New Tent Daytime Services Welcome
“I typically come here to take a shower and I eat here. I come here [for] lunch and dinner,” Darius said of the new big tent shelter area on East 4th street. “Currently, I'm homeless. I got my own little camping set up, but here they got places for people to sleep, shower, and food.”
He said he’s thankful for this new sleeping option, with added benefits of daytime use for meals, shade, bathrooms and showers.
“It's a good thing that they are here. It's a lot of people homeless. It's a lot of people who [aren’t] in the right mental state or whatever. And some of them don't know how to take care of themselves. Some of them will sleep anywhere. “
He said he’s found ways to get early morning day labor without needing an ID, which he says was recently stolen.

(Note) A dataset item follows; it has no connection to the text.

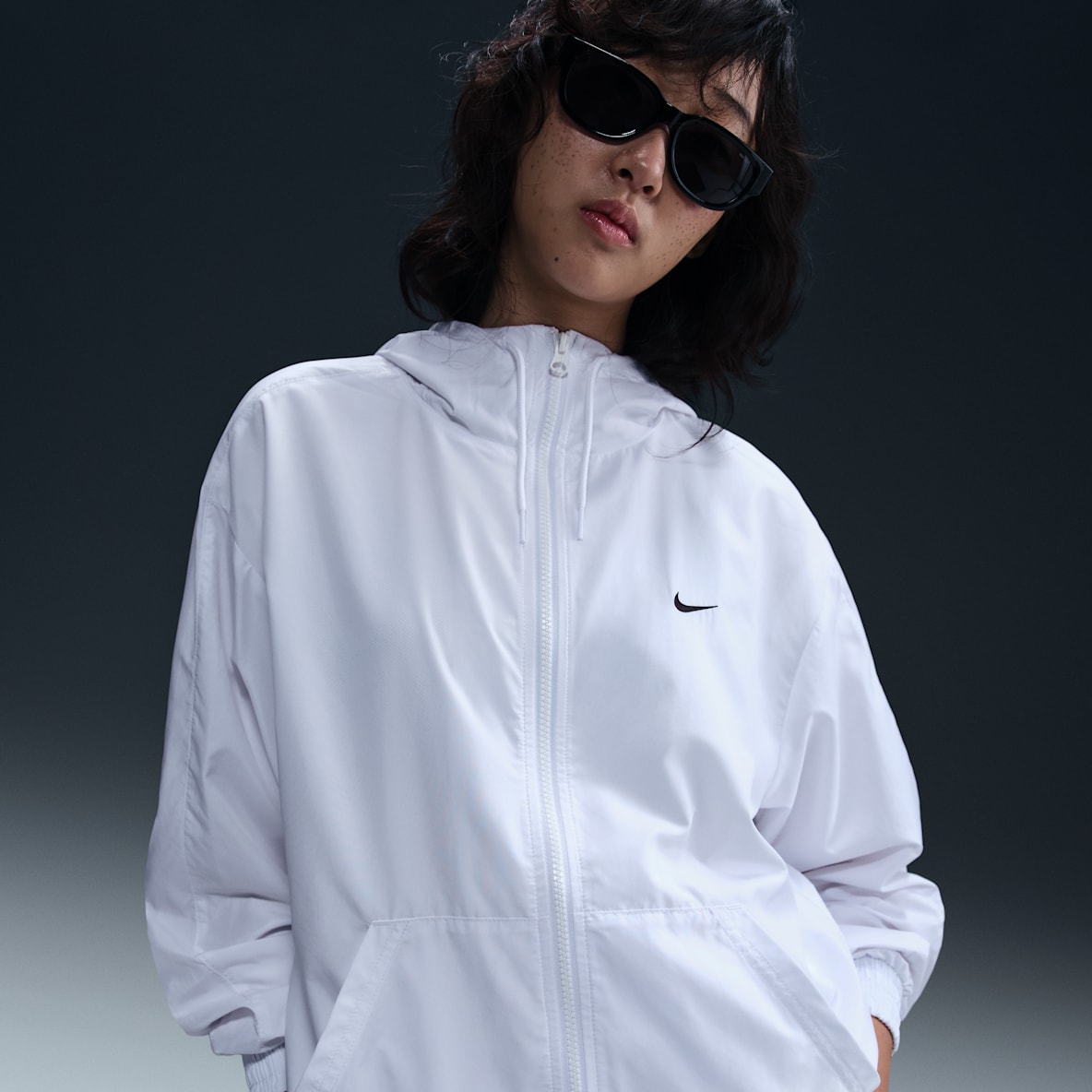 Nike Sportswear Classic Wovens Women's Loose UV Protection Hooded Jacket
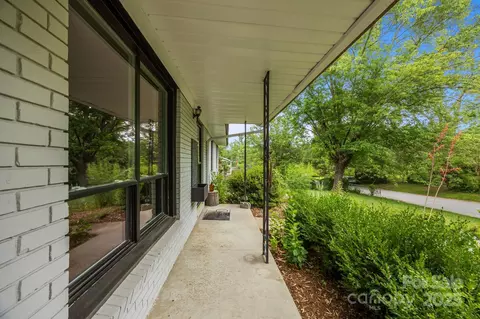 Exterior - 20 Summit Dr, Arden, NC 28704 photo 3 of 9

“My plans is to keep working at this one job that I'm working in. My ID was recently stolen. I just could go there by five in the morning. That's what I'm doing. It's the only place I can work right now because of my ID situation. “
“Hell to Get a new ID” and Housing
“It's been hard, especially during this COVID-19,” Darius said of trying to get a new ID to replace his stolen one. “The DMV is shut down. When I had a few hundred dollars a few weeks ago that I had saved up and I was online actually trying to figure it out, how I can order my ID for my driver's license from Arizona. And it was just terrible, the website is not user friendly and you know, I'm stuck out here. I can't really do much without my ID, so it's terrible.”
He says he’s been thankful for getting some work, but that' it’s not enough to get his own housing.
”[This guy] paid me on a little debit card thing or whatever, you know, it's been getting me by, but it ain't life changing, it’s not getting me off the streets, but it's money in my pocket. You know what I mean? Yeah. So it's better than nothing.”
He says he’s also tried to get into a sobriety program by the downtown shelter but that he disagrees with the way it appears to be set up.
“ I tried to get in there because I just got tired of living in my tent. I drank a lot. I want to quit drinking. I'm only 27. This is ain't my life. This ain't me at all. So I walked in them doors and I asked, ‘Hey ma'am do you guys have any open beds? How can I get in the program? She said, ‘yeah, man, just fill out an application and we'll get back with you.’ But then she told me you have to work 40 hours a week and you don't get paid for that. That basically pays your housing. And I find that kind of weird and it doesn't really make sense that you guys have worked a contract to send people to work 40 hours a week where they don't get paid, but right next door and the buildings are literally connected, right next door, it’s a homeless shelter where people need work and they don't have contracts for work. And I find that a problem right there. I find that kind of weird. And it's like, it's proof that we live in a backwards ass society. Excuse my language.”
Often, city and county officials will talk about “aid-resistant” citizens, or people on social media will say people living in tents refuse services. But what if the services are unclear or don’t feel fair to those thinking about getting them?
Why not Day Labor Jobs Offered at Homeless Shelters?
“Right next door, these guys got jobs, but they're telling people that the only way you can live here, if you work for 40 hours a week. That's slavery, if you asked me, so that's the only issue,” Darius told us of why he isn’t too sure about signing up yet for the local recovery program he says he thought about getting into.
“I don't even know. It's a bunch of little things just in that same category. If you ask me that’s not really trying to help people out the situation, but it is just basically using them and getting government grants. I mean, I don't know for sure, but I'm pretty sure. I would like to see a lot of places that have day labor jobs and stuff like that. I would like to see a lot of their contracts go to the homeless shelter. At the homeless shelter where there’s a lot of able bodied, men and women that's in the right state of mind, they just need work and they don't have contracts,” he told us as a way of a simple solution.
“People just only want to keep getting richer. They don’t want to help figure out how to really fix the problem,” he said as we concluded our interview.